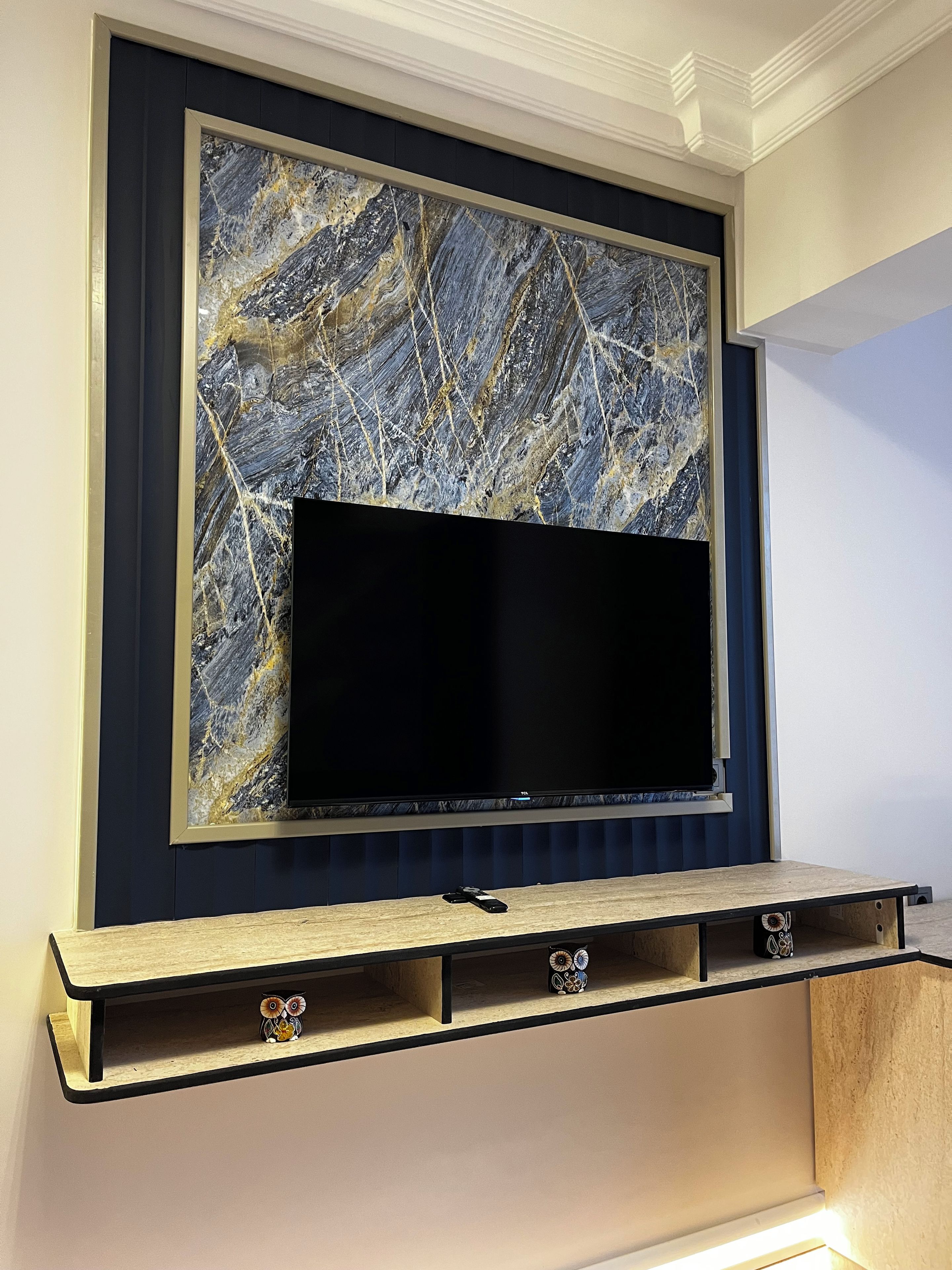 Televisão de tela plana fixada em parede com painel decorativo que imita mármore.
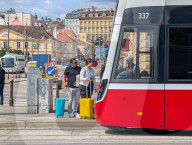 Tourists With Rolling Suitcases In Central Vienna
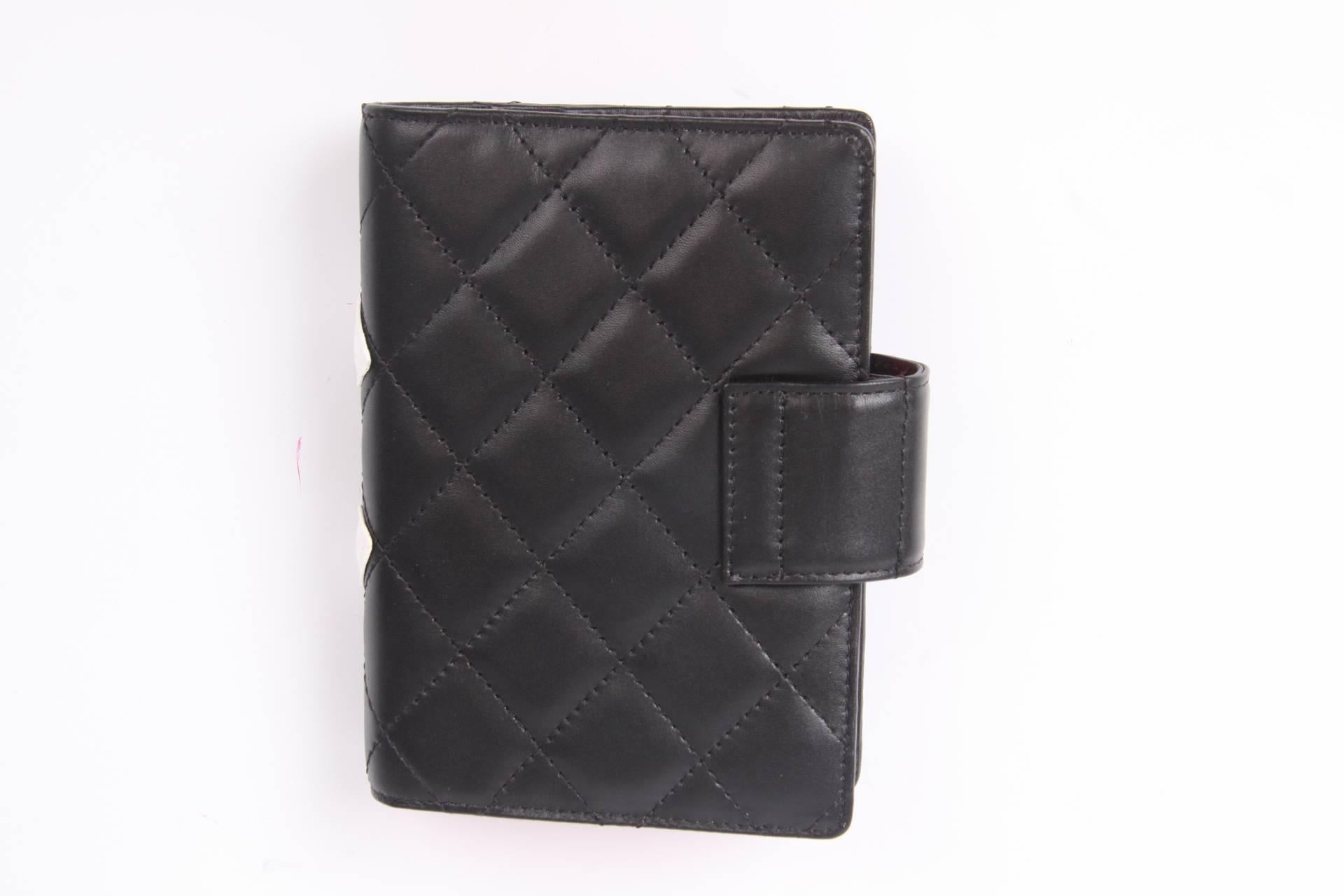 This one is brand new and fantastic! It is the Chanel Quilted Ligne Cambon Agenda Cover in black and white leather.

The black leather is fully quilted and has a large stitched CC logo in white. On the inside lining in bright pink covered with CC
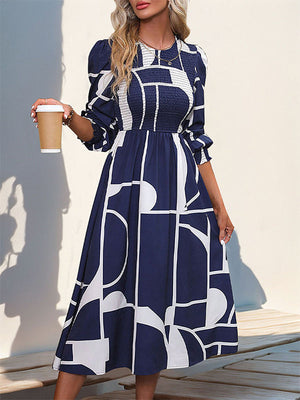 Robe mi-longue imprimée coupe trapèze, taille haute, à taille élastique, à empiècements, à col rond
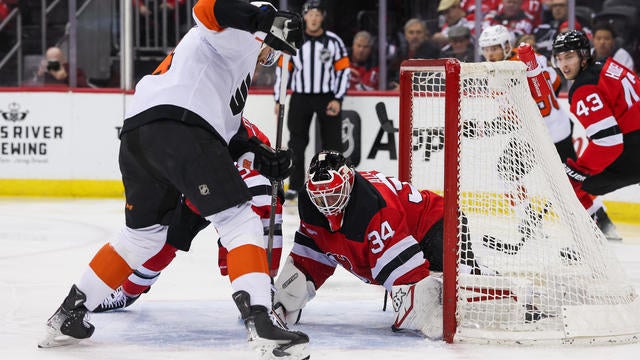 New Jersey Devils goaltender Jake Allen (34) stops a shot by Philadelphia Flyers center Sean Couturier (14) during a NHL game between the Philadelphia Flyers and New Jersey Devils at Prudential Center on January 29, 2025 in Newark, New Jersey. 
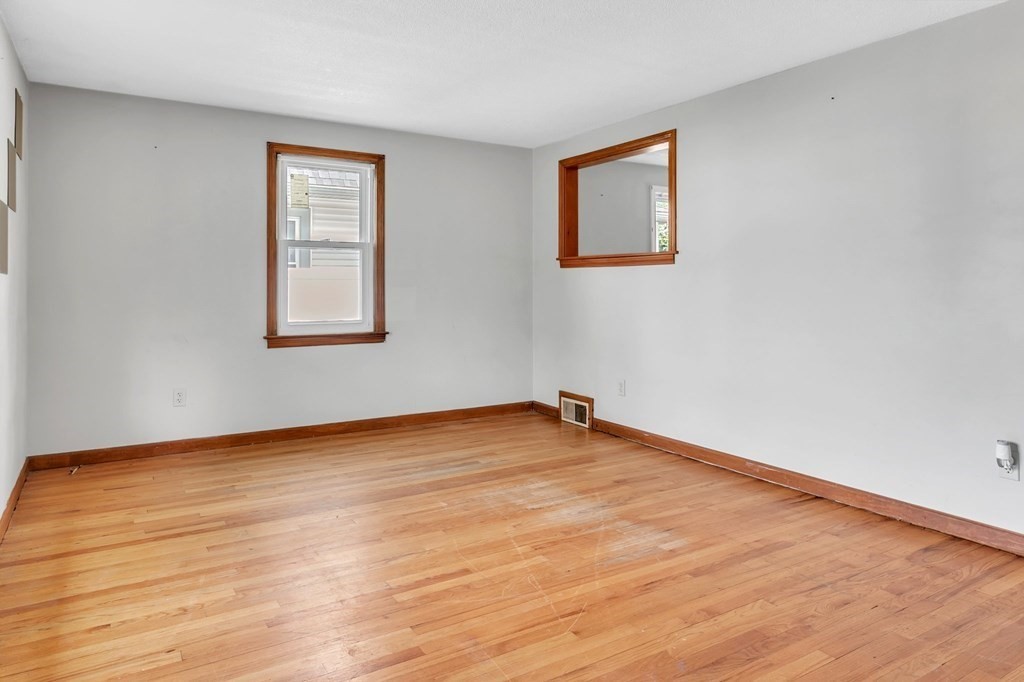122 Prentice Street Springfield, MA 01104 - Photo 7 of 32 a view of an empty room with wooden floor and a window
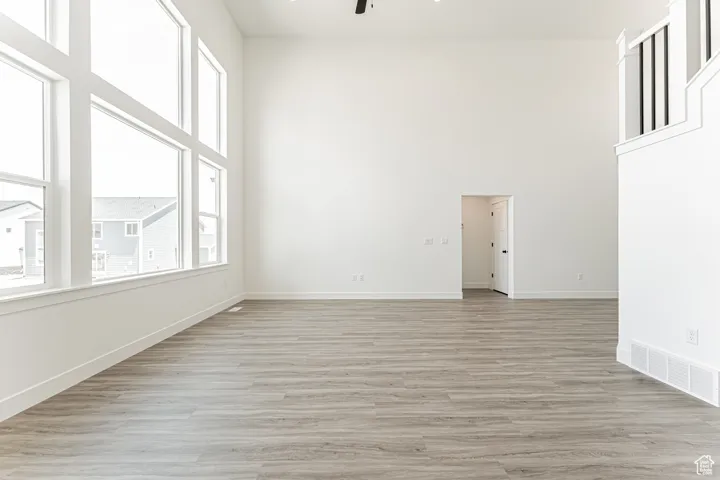 Unfurnished room with ceiling fan, a high ceiling, and light wood-style floors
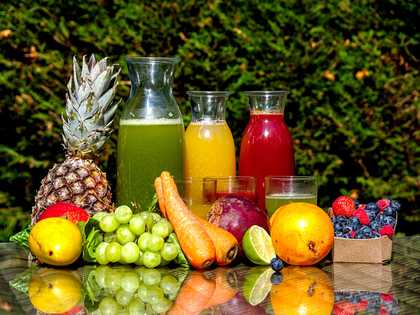 Different sized glass jars filled with smoothies surrounded by fruits and vegetables.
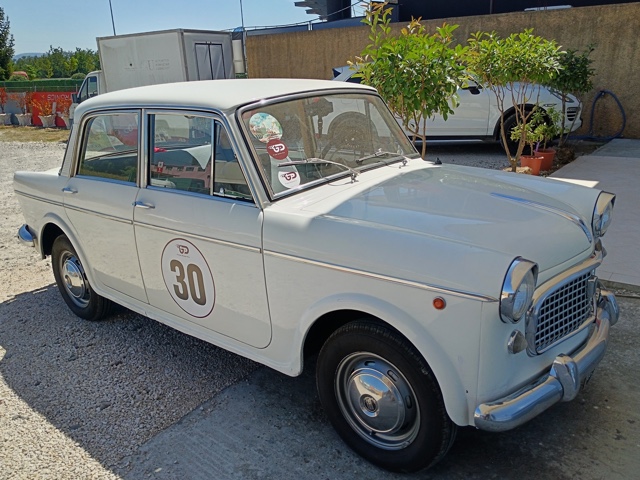 www.targhenere.net/gallery2/wp-content/uploads/2026/07/fiat_1100_d_lug26_front_blowup_tn41656.jpg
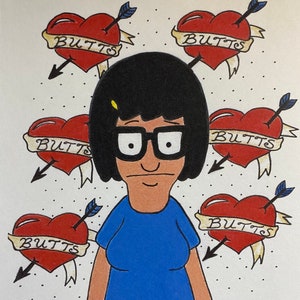 May include: A cartoon illustration of a woman with black hair and glasses. She is wearing a blue shirt and is surrounded by five red hearts with arrows through them. Each heart has a banner that says "BUTTS".
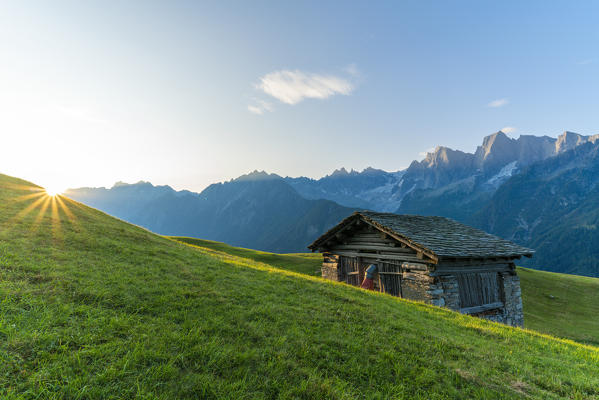 Sunburst over the green meadows of Tombal Alp, Soglio, Val Bregaglia, canton of Graubunden, Switzerland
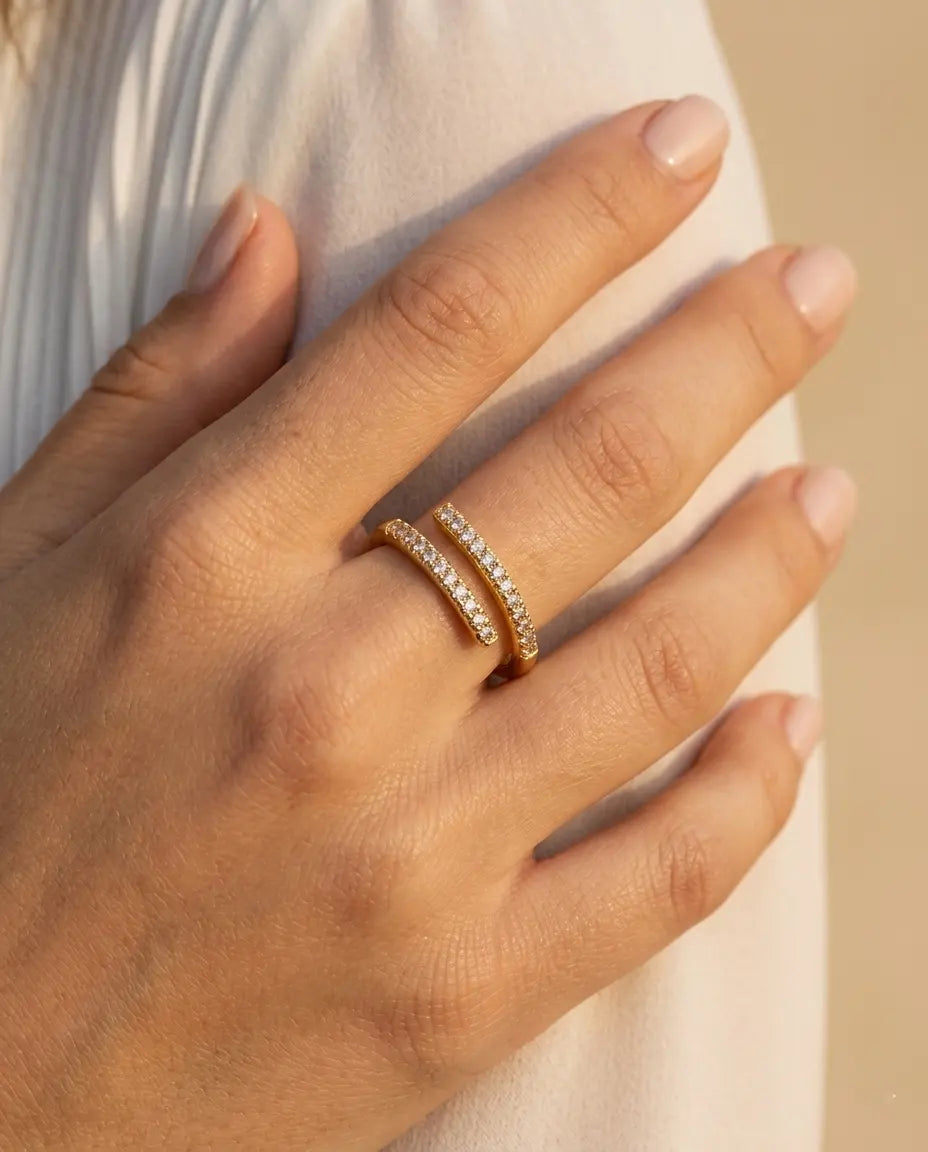 model-wearing-gold-cleo-adjustable-wrap-ring-lifestyle, elegant-modern-feminine-jewelry-on-hand, professional-women-luxury-accessories, chic-double-band-gold-styling, luxury-lifestyle-brand-model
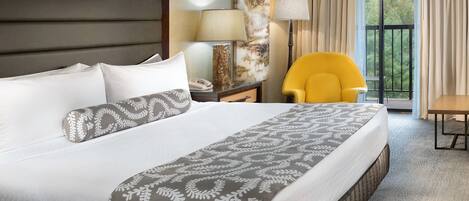 Habitación de hotel con una cama grande, una mesita de noche con lámpara, una silla y vistas al exterior.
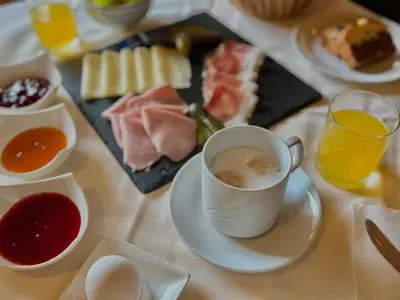 a table with a cup of coffee and a plate of food at Pension Wirt am Bach in Terento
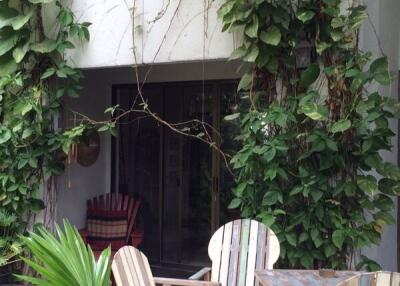 Outdoor patio with furniture and greenery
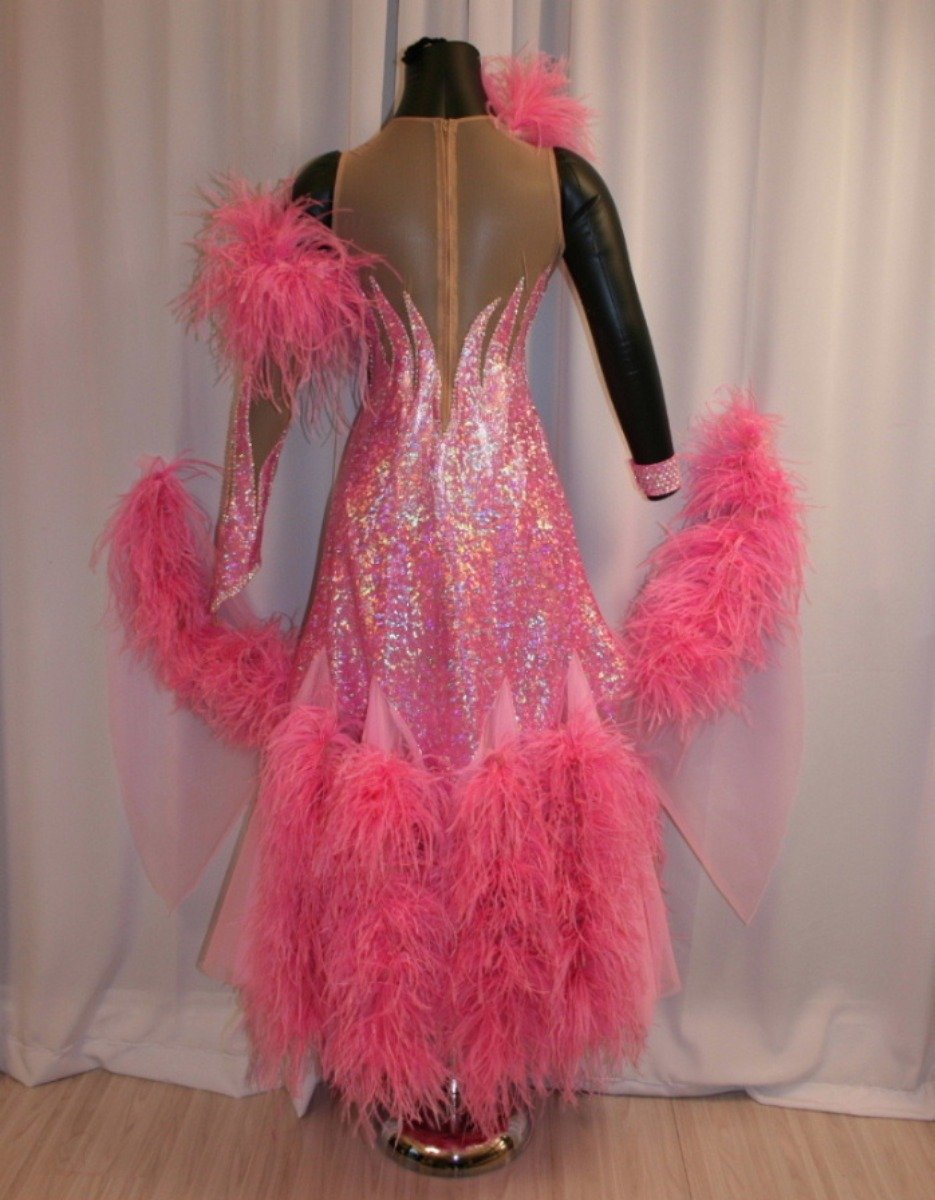 Crystal's Creations back view of Pink ballroom dress created of pink hologram lycra on nude illusion base, chiffon paneled skirting with ostrich feathers, embellished with CAB Swarovski rhinestone work. It also includes the arm embellishments.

════

Exercise requirements.
Reproduce every line of the data above, exactly as it stands, but not the pictures.

Answer section.
 Televisão de tela plana fixada em parede com painel decorativo que imita mármore.
 Tourists With Rolling Suitcases In Central Vienna
 This one is brand new and fantastic! It is the Chanel Quilted Ligne Cambon Agenda Cover in black and white leather.

The black leather is fully quilted and has a large stitched CC logo in white. On the inside lining in bright pink covered with CC
 Robe mi-longue imprimée coupe trapèze, taille haute, à taille élastique, à empiècements, à col rond
 New Jersey Devils goaltender Jake Allen (34) stops a shot by Philadelphia Flyers center Sean Couturier (14) during a NHL game between the Philadelphia Flyers and New Jersey Devils at Prudential Center on January 29, 2025 in Newark, New Jersey. 
122 Prentice Street Springfield, MA 01104 - Photo 7 of 32 a view of an empty room with wooden floor and a window
 Unfurnished room with ceiling fan, a high ceiling, and light wood-style floors
 Different sized glass jars filled with smoothies surrounded by fruits and vegetables.
 www.targhenere.net/gallery2/wp-content/uploads/2026/07/fiat_1100_d_lug26_front_blowup_tn41656.jpg
 May include: A cartoon illustration of a woman with black hair and glasses. She is wearing a blue shirt and is surrounded by five red hearts with arrows through them. Each heart has a banner that says "BUTTS".
 Sunburst over the green meadows of Tombal Alp, Soglio, Val Bregaglia, canton of Graubunden, Switzerland
 model-wearing-gold-cleo-adjustable-wrap-ring-lifestyle, elegant-modern-feminine-jewelry-on-hand, professional-women-luxury-accessories, chic-double-band-gold-styling, luxury-lifestyle-brand-model
 Habitación de hotel con una cama grande, una mesita de noche con lámpara, una silla y vistas al exterior.
 a table with a cup of coffee and a plate of food at Pension Wirt am Bach in Terento
 Outdoor patio with furniture and greenery
 Crystal's Creations back view of Pink ballroom dress created of pink hologram lycra on nude illusion base, chiffon paneled skirting with ostrich feathers, embellished with CAB Swarovski rhinestone work. It also includes the arm embellishments.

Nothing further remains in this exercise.